Three Dimensional Economics
by Karl Fitzgerald
as published in Arena Magazine, Feb-March, 2008, Edition 93
In a period where the twin crises of global warming and the wealth gap are attacking society from both sides, policy makers are continually limited in their effectiveness by a two dimensional approach to economics.
Land prices have increased at 4 times the rate of GDP and dwarfed wages growth by 1000 to 1 since WW2 (The Poverty Inquiry to end all Inquiries, Tony O’Brien, Figure 1, p5) . Such damning statistics beckon the ALP to take a hard look at the economic fundamentals undermining union wage demands. For Julia Gillard’s ‘War on Poverty’ to be successful, policymakers must look outside the square.
2008 marks the half way point in our promise to halve world poverty with the Millennium Development Goal’s 2015 deadline. With the wealth gap accelerating in both Developed and Developing countries, a serious flaw is evident in modern economics.
The two-dimensional approach to current economic analysis sees the first priority of policymakers as inflation, representing ‘capital’. The second is high wages, representing ‘labour’.
A third dimension in classical economic analysis did once exist, at least for a short period of time in the 19th century. This third dimension was represented in economic terms as ‘land’. Land represented the planet itself. It focused on the ground we stand on, but also included all the natural resources that seem to be so profitable in a world of growing scarcity – oil, coal, water and minerals. Not only all the resources below us, but the important ones above us, the electromagnetic spectrum, and in this day and age, carbon.

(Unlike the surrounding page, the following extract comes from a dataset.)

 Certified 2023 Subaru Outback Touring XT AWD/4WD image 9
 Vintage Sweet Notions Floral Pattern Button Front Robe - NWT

During the formative years of economic theory there was an understanding that natural resources had an advantage over all other forms of property rights. As society developed and populations expanded, the resultant natural scarcity would see the ‘owners’ of resources delivered profits ‘in their sleep’, as J.S Mill quipped. These were called ‘economic rents’ and are the holy grail of super normal profits for corporations such as Macquarie Bank, BHP and the Carlyle Group.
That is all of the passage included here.